Why Consider The Sphinx SDP Compact?

While many pistols are made for specific purpose—duty, competition, concealed carry, deep concealment—the Sphinx SDP compact does not seem to me to fit snugly into just one of those categories. It is a highly accurate, precision-shooting machine and, therefore, fit for competition. However, it has a picatinny rail and a modest magazine capacity. It is moderately sized and so could be a concealed-carry candidate, yet it is quite heavy as compared to many carry guns.

The description on the Sphinx Arms website says, “Derived from competition and built for duty use, the SDP Compact is the ideal gun to suit your needs on the job, in the home, or in the shoot box.” I’d say that pretty much sums it up. Let’s take a closer look.

Sphinx SDP Compact Alpha 9mm Specs:

  • Caliber: 9x19mm
  • Action: DA/SA with ambidextrous de-cocking lever
  • Length: 7.4”
  • Height: 5.35”
  • Width: 1.37”
  • Barrel: 3.7”
  • Weight: 28.2oz. (w/empty magazine)
  • Slide Finish: Black TIAIN coating
  • Frame: Upper: Anodized Aluminum / Grip: Polymer
  • Capacity: 15+1 flush magazine
  • MSRP: $1295 (can often be found for less than $1000 in stores)

Shooting the Sphinx

Lately I have been shooting and reviewing snappy little subcompact carry pistols. So when I picked up the Sphinx SDP compact and put the first few rounds through it, it was like climbing out of a go-cart and into a luxury sedan with bucket seats and a plush interior tailored just for me. This is a plush pistol.

Its precision machining, tight tolerances, and smooth-as-silk trigger help make this a highly accurate pistol. When starting de-cocked, that first trigger pull is long and heavy; around 10 pounds, but very smooth. Follow-up single-action pulls are in the 3 to 3.5 pound range and very smooth. There is a clean take-up and a clear wall, then a crisp break. Trigger reset is short and clean. This is a wonderful trigger.

Comfort & Controllability
This is a very comfortable gun. To me, it feels better in the hand than any pistol I remember holding. The rubberized and contoured backstraps of various dimensions allow you to configure the grip to suit your preference. I like how the Sphinx puts the palm swell in the proper place for the human hand: near the middle of the grip rather than at the bottom of the grip like Glock does. Also, it has rounded grip sides rather than flat, as typically found on most pistols. The result is a very ergonomic feel.

comparison of grips

Grip profiles for comparison.

I find the Sphinx SDP Compact Alpha to be a very soft-shooting gun. When at the range to shoot the Sphinx, I typically warmed up with my Glock 19 so I could note key differences. I have never found the G19 to be at all snappy, but switching to the Sphinx was almost like going from a 9mm to a .22 pistol. That might be a slight exaggeration, but the felt recoil with the Sphinx is almost half that of the Glock 19! Like I said: plush.

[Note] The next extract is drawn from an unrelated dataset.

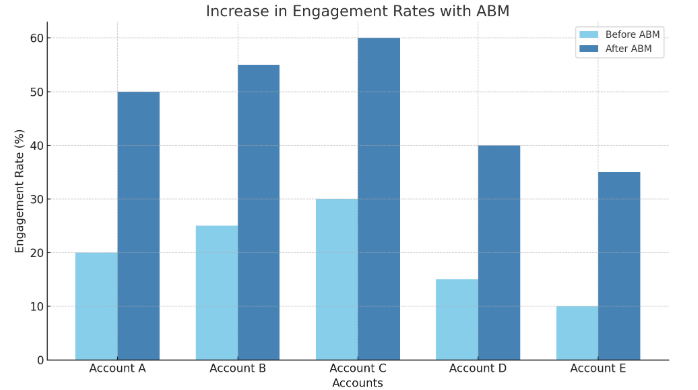 engagement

With its soft recoil, follow-up shots are very easy to achieve accurately since the gun almost doesn’t move in the hand. My sights never really came off target during shooting strings. Certainly this low-recoil feature is due in part to the guns weight. It outweighs the G19 by at least 5-6 ounces (maybe more) and the fact that the upper part of the frame is made of aluminum rather than polymer.

The one comfort issue I had with the Sphinx is that when chambered and de-cocked, the reach to the trigger was exceedingly long. I even had to adjust my grip slightly to reach the trigger properly. I have medium-sized hands, so this may not be an issue for folks with larger hands. I found that first-round trigger reach to be uncomfortable and off putting.

Concealability + Capacity
Unloaded, the Sphinx SDP Compact Alpha weighs in excess of 28 ounces, which is comparable to a 1911 compact model. Being a double-stack, however, means that it’ll be considerably heavier than a compact 1911 with a fully-loaded magazine. This puts the Sphinx on the hefty side and perhaps not ideal for IWB concealed carry. Though I’ve heard some say they do use it for IWB concealed carry. In any case, its weigh makes an extra-stiff belt a requirement.

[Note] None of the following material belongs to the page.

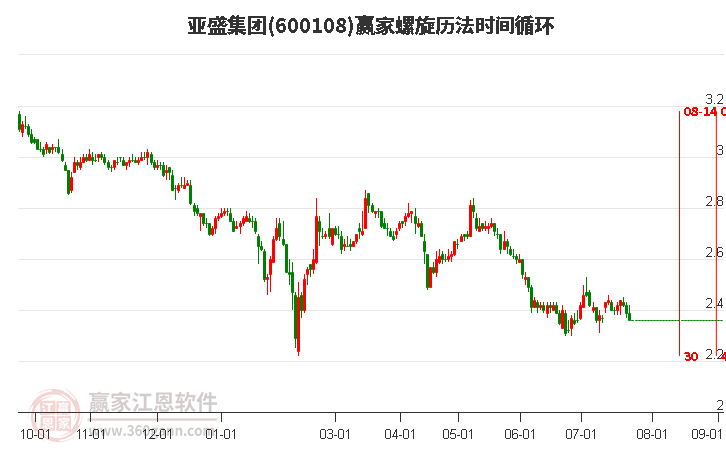 600108亚盛集团螺旋历法时间循环工具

The Sphinx SDP Compact Alpha has a 15+1 capacity and yet is just barely small enough to be a compact-sized pistol. While only a smidgen larger than say a Glock 19, which has the same capacity, it is quite a bit heavier and the height/grip is about 1/3” taller than the G19. So while I wouldn’t exclude the Sphinx as a concealed-carry pistol it is perhaps better suited to OWB duty carry. At the least, its extra weight and slightly larger dimension than most compacts make the Sphinx more of a winter gun with regard to concealability (under heavier, cold-weather clothing).

I would imagine a pistol of this size might hold one or two more rounds than similar but smaller pistols. A saving grace, perhaps, is the fact that it’s a precision tack driver that might allow you to do more with those 15 rounds than with some other similar pistol.

Components and Materials

The slide of the Sphinx is precision machined from billet steel, which is then treated to a TIAIN coating, and hand fitted to mate with the frame. The frame has an anodized aluminum upper, cut from billet. This aluminum upper is affixed to a polymer grip with three recessed screws (one at the front of the trigger guard and two at the rear of the grip), assisted by the magazine-catch screw that enters the front of the grip. I’ve never seen this sort of configuration before, but it’s interesting and a clever method for reducing the frame weight. The finish of both the steel slide and the aluminum frame is beautiful and, when clean, has a soft, satiny luster that exudes quality.

exploded view of the Sphinx pistol

Above: How the aluminum frame mounts to the polymer grip.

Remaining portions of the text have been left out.